■あとがき(第44号)
■高山れおな
前号で冨田拓也さんが休載を連絡するメールをくださった時、特に理由は記してなく、体調が悪いとかそういうことでもないなら、そうか対象が大物で読みきれなかったのだなと推測しておりましたら案の定でした。「俳人ファイル」は何しろ一週間でひとりの俳人の作品を読み上げるのですから、たとい比較的寡作の作者でも時間的にはいつもぎりぎりの綱渡りなのではないかと思います。長命多作の作家となるとその大変さは想像を絶しております。まして今回の臼田亜浪は、韻律に独自なものがあり、ある種の花鳥諷詠作家のようにすらすらと流れるように読むわけにはゆかないようです。ご苦労さまでした。高山は、角川書店の『現代俳句大系』第七巻に入っている『定本亜浪句集』を読んで退屈だと思って済ませておりました。しかし、今回の冨田さんの紹介によって、魅力的な句が多くあるのを改めて知りました。感謝に堪えません。
大雷雨悠然とゆく一人ありぬ 亜浪
ほんとにそんな感じの連載になっております。
当方は、金子兜太『日常』、坪内稔典『水のかたまり』、長谷川櫂『新年』『富士』――ボスキャラ三人の句集四冊が机辺に積んであるのを、ガマの油のような汗を流しつつ睨んでおります。正木ゆう子『夏至』もあるし。いやほんと、睨んでるだけで何もしてませんが。
関悦史さんの「閑中俳句日記」は都合により月内はお休みします。
■中村安伸
先週号の表紙に使った写真の被写体は、お気づきの方も多いと思いますが、奈良美智の彫刻「プーケット・ドッグ」です。設置場所はタイ王国プーケット島の西岸、パトンビーチというところです。ここは過日インド洋大津波で大きな被害を受けた場所であり、復興を祈念し作られた像と聞きおよびます。

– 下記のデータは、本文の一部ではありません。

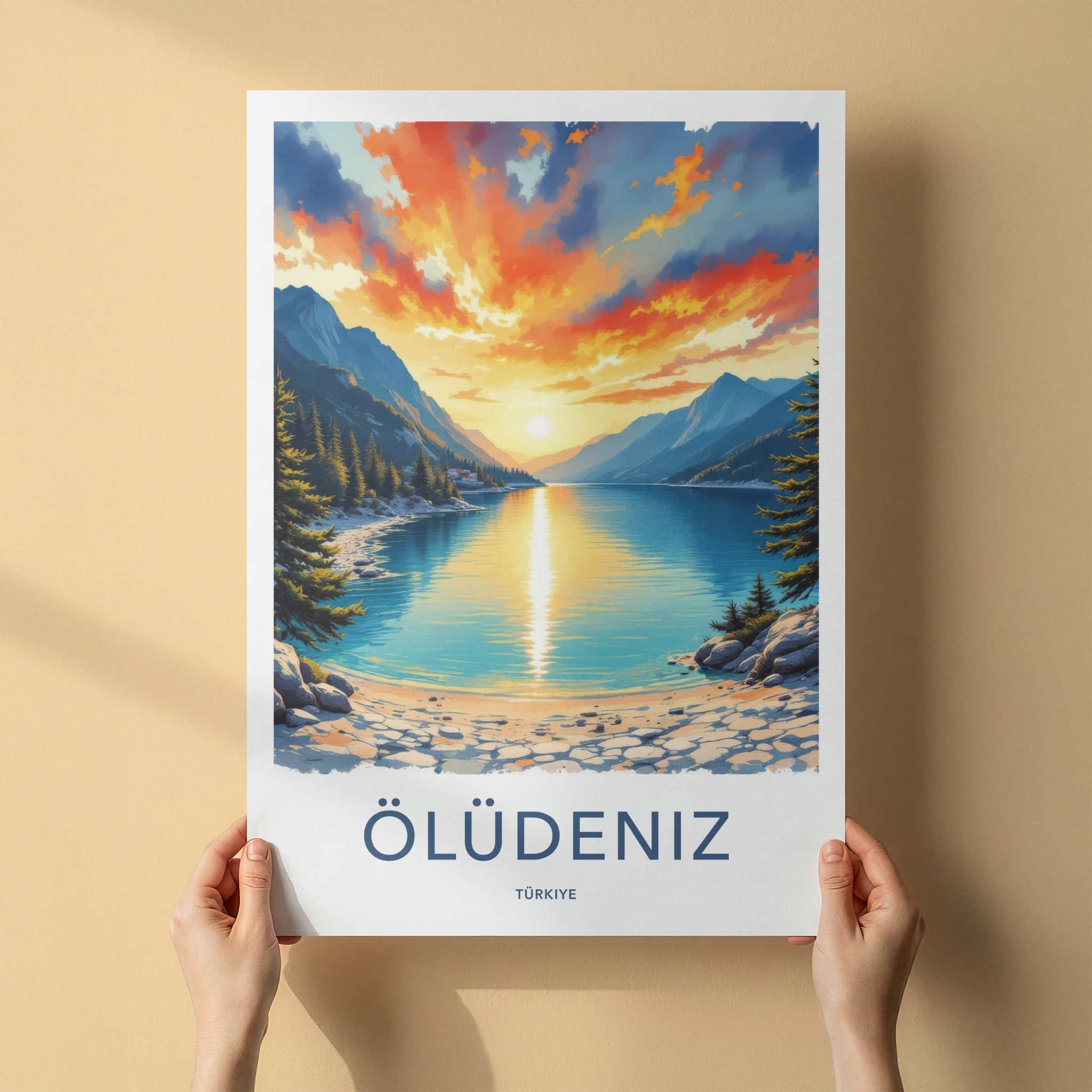 Oludeniz Poster - Turkiye Travel Art - Fiery Sky Lakeside Home Decor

すなわち私はそこへ行ってきたわけですが、数日間ビーチに寝そべって読書などしていたら、大変な日焼けをしてしまいました。身体の皮があぶらとり紙みたいに薄く剝けるのが面白いです。ここまで焼けたのは小学生のときの夏休み以来だと思います。
今週の表紙写真は、同じプーケット島で撮影したものです。